As one of the important neurotransmitters, 5-HT can promote analgesia by activating 5-HT receptors (possibly 5-HT2A/2C subtypes) on spinal GABAergic/enkephalinergic interneurons, thereby increasing GABA and enkephalin release (Martins, 2019). An animal study found (Xiaofei, 2016) that the concentration of 5-HT in the hypothalamus of rats with primary dysmenorrhea was lower. Therefore, 5-HT may serve as a potential marker of primary dysmenorrhea as well as one of potential therapeutic targets.

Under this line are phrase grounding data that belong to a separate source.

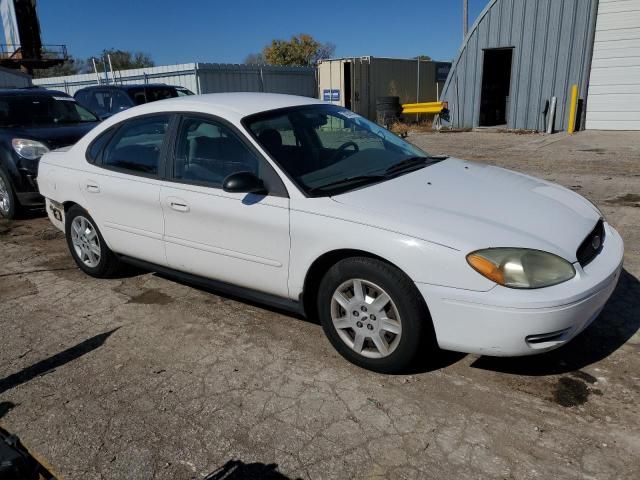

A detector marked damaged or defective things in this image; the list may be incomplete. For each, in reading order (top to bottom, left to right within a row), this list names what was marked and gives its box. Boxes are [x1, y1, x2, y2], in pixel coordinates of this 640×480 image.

cracked asphalt [0, 129, 636, 478]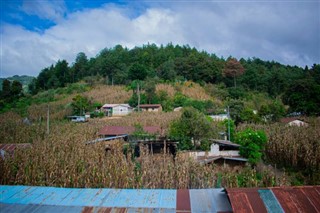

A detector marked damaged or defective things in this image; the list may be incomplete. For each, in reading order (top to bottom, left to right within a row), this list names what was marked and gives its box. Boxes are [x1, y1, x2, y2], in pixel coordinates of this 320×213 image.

rusty metal roof [0, 186, 231, 212]
rusty metal roof [228, 186, 320, 212]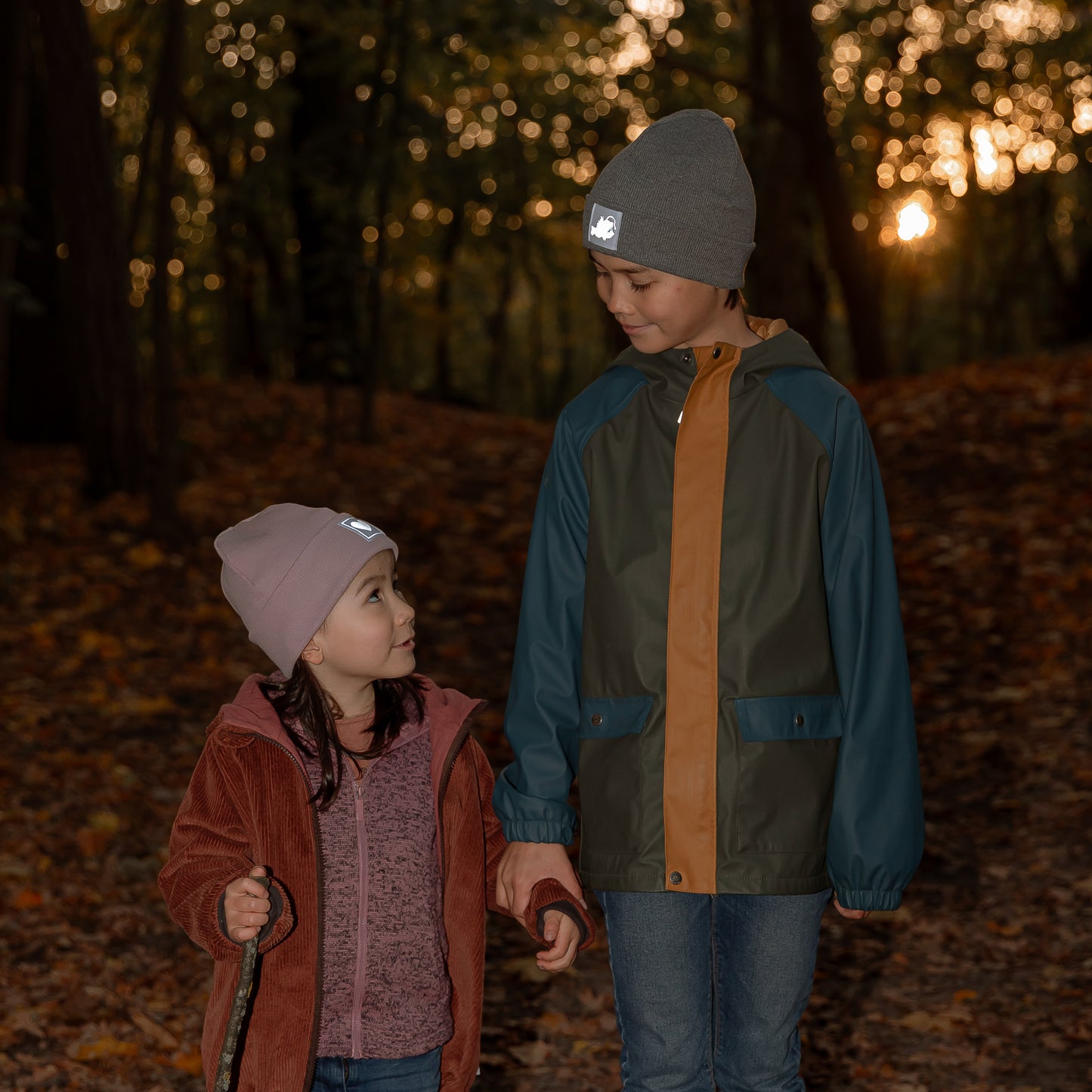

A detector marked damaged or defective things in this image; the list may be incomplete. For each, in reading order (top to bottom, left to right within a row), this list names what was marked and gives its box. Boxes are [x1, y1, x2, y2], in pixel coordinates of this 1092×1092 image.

rust corduroy jacket [159, 674, 589, 1092]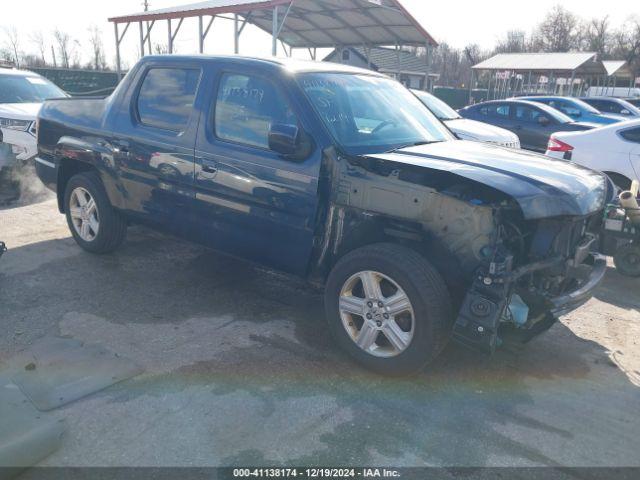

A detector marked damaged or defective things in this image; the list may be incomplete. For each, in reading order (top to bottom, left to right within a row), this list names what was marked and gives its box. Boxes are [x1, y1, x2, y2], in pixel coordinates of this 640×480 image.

damaged honda ridgeline [36, 57, 616, 376]
front-end collision damage [318, 150, 608, 356]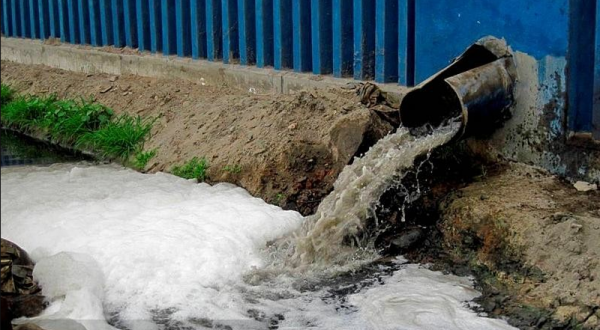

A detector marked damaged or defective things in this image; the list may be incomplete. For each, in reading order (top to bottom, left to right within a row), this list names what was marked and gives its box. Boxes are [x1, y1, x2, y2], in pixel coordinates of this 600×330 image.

rusty metal pipe [398, 36, 516, 138]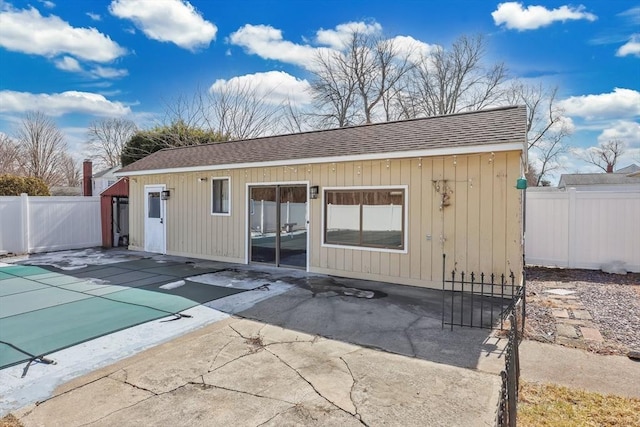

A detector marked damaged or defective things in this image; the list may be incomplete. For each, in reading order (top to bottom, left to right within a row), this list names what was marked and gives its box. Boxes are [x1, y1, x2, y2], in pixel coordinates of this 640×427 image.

cracked concrete slab [13, 320, 500, 426]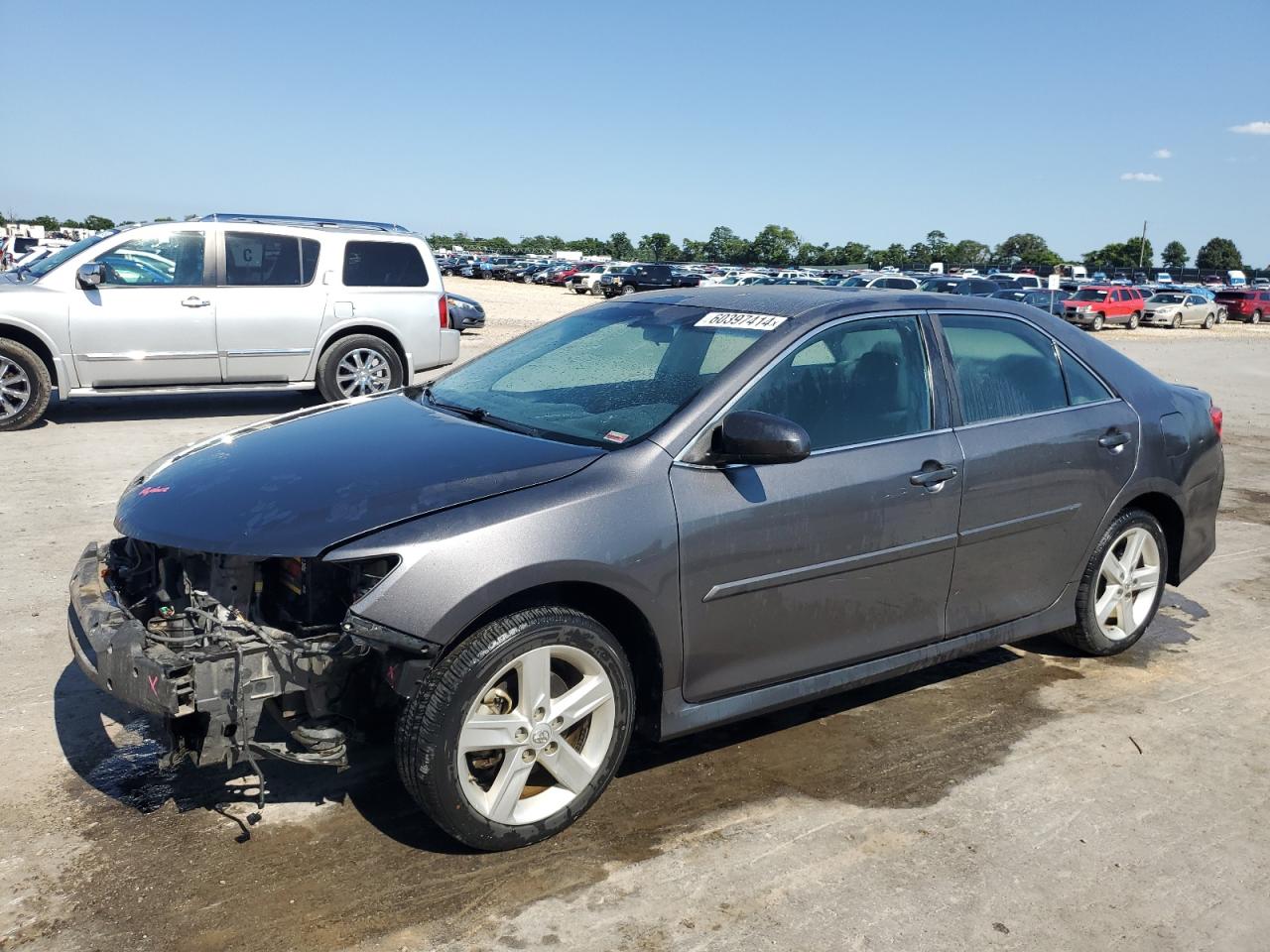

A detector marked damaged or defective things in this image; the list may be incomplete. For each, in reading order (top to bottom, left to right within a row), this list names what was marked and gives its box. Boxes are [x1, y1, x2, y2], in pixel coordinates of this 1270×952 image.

crumpled front bumper [67, 542, 191, 715]
damaged front end [69, 537, 439, 781]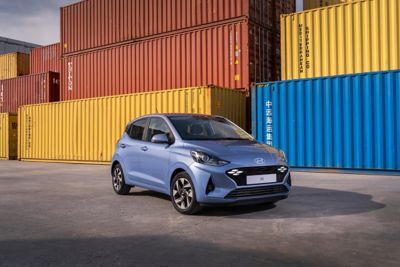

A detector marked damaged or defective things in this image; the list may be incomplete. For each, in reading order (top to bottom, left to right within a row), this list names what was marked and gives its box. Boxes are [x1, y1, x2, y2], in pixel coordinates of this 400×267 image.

Endocannabinoids have the effect of regulating neurotransmitters and pain, which can reduce nociceptive transmission. The cannabinoid receptor CB1 is associated with pain and is mainly expressed in the dorsal horn of the spinal cord (Finn et al., 2021). 2-Arachidonoylglycerol (2-AG) is the main endocannabinoid, which can activate CB1R located at the presynaptic terminal (Fletcher-Jones et al., 2020). After CB1R is activated, it can regulate voltage-gated channels by inhibiting the influx of Ca2+ (Zou and Kumar, 2018) and promoting K+ influx to relieve pain. It also inhibits the release of glutamate and nitric oxide, protecting nerves from harmful excitatory stimuli (Zou and Kumar, 2018, review). In addition, cannabinoids can directly act on hyperpolarized activated cyclic nucleotide-gated (HCN1) channels (Mayar et al., 2022). Cannabinoids regulate pain by modulating the expression of substance P and N-methyl-D-aspartate receptor subunit 2B (NR2B) (He et al., 2019). In the study of dysmenorrhea due to endometriosis, it was found that the severity of endometriosis-associated pain was negatively correlated with the level of endogenous cannabinoids in female patients (Sanchez et al., 2016). Elevated levels of 2-arachidonic glycerol (2-AG), a representative of endocannabinoids, mediate pain and are involved in the regulation of dysmenorrhea (Andrieu et al., 2022). Therefore, endogenous cannabinoids may be considered for study as a mediator involved in primary dysmenorrhea.
The N-methyl-D-aspartate receptor (NMDAR) is an important molecule in the dorsal horn of the spinal cord to transmit nociceptive information and enhance the central sensitivity to pain (de Geus et al., 2020). The NMDAR is composed of four subunits, of which the N-methyl-D-aspartate receptor subunit 2B (NR2B) is most closely related to central and peripheral pain (Xu et al., 2020). Pain caused by nerve injury or chronic ischemia activates the presynaptic or postsynaptic NMDAR. At this time, magnesium ions cannot block NMDAR channels, resulting in a large influx of calcium ions, and the expression of NR2B subunits in the spinal cord is upregulated. Moreover, NR2B is phosphorylated, and phosphorylated NR2B promotes calcium influx and pain transmission (Xu et al., 2020; Pan L. et al., 2022; Aiyer et al., 2018). In the study of magnesium and pain, dysmenorrhea has been studied as a clinical disease that magnesium can prevent and treat. It is because that magnesium acts as an antagonist of NMDAR by inhibiting NMDA receptors, which in turn exerts analgesic effects (Shin et al., 2020).